▸ **BRIEF**: Your reply should be one number: how many lines of the records below contain the string "Corolla".
====== AVAILABLE DATA ======
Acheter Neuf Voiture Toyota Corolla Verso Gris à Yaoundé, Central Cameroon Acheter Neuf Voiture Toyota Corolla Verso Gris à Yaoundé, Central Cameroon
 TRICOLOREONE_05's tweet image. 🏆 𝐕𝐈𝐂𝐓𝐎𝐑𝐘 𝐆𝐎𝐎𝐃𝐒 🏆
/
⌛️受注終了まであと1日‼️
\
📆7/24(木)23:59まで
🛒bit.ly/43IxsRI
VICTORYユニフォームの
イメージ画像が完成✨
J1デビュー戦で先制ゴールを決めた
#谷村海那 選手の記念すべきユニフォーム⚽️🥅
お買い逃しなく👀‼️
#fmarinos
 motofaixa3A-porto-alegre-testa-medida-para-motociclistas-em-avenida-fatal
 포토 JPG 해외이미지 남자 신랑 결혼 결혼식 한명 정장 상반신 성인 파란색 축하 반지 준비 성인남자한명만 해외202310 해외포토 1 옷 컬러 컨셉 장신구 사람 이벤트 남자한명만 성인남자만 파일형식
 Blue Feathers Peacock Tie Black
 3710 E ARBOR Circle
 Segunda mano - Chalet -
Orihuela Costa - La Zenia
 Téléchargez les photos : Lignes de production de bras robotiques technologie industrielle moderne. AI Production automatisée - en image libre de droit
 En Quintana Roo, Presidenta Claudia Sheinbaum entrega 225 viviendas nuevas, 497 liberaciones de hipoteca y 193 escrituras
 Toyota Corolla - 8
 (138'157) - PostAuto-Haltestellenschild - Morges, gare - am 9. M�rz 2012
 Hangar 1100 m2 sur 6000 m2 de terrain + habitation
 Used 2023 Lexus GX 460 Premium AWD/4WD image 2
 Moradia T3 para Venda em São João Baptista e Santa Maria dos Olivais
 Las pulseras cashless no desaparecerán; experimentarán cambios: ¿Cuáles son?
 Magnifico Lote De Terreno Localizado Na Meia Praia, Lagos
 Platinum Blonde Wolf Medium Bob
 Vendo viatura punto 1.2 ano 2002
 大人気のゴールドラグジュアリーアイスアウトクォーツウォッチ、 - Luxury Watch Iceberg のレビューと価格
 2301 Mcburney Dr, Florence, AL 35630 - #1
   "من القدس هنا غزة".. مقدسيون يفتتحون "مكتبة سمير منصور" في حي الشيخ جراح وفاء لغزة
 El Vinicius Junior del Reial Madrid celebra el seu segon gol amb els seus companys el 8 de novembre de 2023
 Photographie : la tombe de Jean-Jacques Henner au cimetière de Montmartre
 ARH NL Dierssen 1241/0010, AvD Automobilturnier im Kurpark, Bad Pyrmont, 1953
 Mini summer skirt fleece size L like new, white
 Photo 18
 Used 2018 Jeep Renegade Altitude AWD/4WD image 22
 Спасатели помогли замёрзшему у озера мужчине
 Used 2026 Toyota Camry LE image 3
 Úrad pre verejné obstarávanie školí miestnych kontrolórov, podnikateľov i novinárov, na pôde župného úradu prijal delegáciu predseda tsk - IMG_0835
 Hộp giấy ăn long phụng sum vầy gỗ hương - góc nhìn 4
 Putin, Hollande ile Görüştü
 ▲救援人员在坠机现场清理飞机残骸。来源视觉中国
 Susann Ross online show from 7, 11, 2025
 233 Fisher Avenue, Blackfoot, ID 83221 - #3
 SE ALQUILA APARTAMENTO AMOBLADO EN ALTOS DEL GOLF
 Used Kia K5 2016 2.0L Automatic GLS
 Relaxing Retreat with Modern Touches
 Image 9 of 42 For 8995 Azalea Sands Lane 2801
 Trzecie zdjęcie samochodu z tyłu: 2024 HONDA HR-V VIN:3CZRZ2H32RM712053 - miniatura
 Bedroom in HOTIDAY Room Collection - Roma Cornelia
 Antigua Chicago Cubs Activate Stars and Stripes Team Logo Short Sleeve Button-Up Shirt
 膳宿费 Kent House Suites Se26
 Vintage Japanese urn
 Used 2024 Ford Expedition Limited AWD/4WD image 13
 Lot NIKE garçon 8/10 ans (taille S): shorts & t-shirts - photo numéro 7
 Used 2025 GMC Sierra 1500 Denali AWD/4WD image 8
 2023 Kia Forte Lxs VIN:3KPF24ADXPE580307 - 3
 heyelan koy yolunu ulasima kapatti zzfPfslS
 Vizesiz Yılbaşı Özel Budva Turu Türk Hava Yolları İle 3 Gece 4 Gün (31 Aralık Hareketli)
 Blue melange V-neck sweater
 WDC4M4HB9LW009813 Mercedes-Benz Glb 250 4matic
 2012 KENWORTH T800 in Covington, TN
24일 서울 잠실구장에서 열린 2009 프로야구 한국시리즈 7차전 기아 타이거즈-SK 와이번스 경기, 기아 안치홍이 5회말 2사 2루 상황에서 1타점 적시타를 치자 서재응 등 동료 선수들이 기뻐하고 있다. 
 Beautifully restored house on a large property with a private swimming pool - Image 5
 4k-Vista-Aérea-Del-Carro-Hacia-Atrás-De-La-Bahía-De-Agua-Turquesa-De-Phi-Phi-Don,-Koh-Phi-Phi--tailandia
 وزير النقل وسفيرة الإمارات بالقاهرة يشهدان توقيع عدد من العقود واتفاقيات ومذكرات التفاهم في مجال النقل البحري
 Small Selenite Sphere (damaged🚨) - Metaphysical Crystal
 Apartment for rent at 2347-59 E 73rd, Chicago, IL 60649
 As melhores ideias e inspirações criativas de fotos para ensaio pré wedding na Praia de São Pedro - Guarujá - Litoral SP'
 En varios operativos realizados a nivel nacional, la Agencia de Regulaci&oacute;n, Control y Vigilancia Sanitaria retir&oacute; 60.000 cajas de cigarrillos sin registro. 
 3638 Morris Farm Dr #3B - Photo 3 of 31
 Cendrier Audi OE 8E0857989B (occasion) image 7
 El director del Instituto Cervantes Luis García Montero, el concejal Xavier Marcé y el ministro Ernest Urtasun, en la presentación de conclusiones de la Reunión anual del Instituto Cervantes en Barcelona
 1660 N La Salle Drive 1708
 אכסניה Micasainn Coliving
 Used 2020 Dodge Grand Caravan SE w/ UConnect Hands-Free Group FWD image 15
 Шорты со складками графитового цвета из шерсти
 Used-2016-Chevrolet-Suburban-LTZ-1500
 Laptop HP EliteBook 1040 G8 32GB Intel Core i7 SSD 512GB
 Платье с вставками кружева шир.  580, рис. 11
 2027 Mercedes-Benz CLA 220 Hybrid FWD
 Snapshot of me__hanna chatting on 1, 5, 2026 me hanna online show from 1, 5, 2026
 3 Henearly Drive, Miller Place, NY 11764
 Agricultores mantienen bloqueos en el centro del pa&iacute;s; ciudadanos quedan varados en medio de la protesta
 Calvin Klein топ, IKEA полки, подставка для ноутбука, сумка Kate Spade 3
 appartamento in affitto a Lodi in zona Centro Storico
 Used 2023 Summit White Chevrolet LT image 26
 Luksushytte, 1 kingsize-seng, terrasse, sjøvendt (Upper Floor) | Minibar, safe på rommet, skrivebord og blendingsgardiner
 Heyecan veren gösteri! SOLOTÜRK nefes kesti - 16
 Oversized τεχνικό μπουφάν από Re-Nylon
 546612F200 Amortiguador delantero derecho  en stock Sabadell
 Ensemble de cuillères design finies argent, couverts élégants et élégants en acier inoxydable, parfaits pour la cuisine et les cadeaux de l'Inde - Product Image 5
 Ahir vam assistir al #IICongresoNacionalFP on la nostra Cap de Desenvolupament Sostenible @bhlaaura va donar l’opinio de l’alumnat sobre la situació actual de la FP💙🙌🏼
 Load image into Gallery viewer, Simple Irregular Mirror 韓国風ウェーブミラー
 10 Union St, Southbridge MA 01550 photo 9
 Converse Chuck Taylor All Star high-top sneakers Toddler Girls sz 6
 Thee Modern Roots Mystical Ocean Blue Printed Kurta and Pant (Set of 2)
======
▸ **REPLY**: 2